Unless you live in the desert, the ground is always wet; and that ground water is always pushing its way in. Footing drains can carry away bulk groundwater, but foundations also have to disrupt capillarity. Water in the soil will wick all the way up to the roof framing if you let it. Capillary breaks such as brush-on damp-proofing, sill sealer, and rigid insulation block this process. A foundation is a bad place to cut corners because problems are expensive and complicated to fix after a house is finished.
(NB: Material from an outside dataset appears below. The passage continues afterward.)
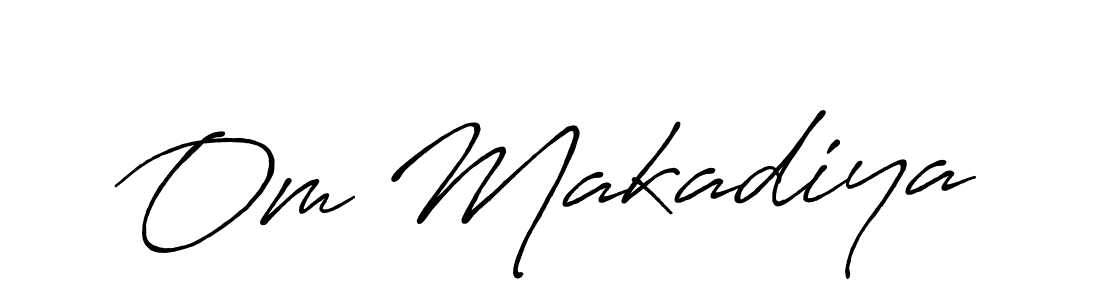 Antro_Vectra_Bolder is a professional signature style that is perfect for those who want to add a touch of class to their signature. It is also a great choice for those who want to make their signature more unique. Get Om Makadiya name to fancy signature for free. Om Makadiya signature style 7 images and pictures png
Double-stud walls use common materials and familiar assemblies to create a low-tech, energy-efficient wall with lots of room for thick insulation. This framing method virtually eliminates thermal bridging through the studs and greatly reduces sound transmission through walls.
The basic strategy is simple: The exterior walls are built from two parallel stud walls with a gap between the rows for extra insulation. Many builders use two parallel 2x4 walls with a 5-inch gap between them to create a 12-inch-thick wall. Of course, the wall can be thicker or thinner as circumstances dictate.
The most commonly used insulation for this method of construction is dense-packed cellulose, although other types of insulation (including blown-in fiberglass, mineral wool batts, or open-cell spray polyurethane foam) can certainly be used.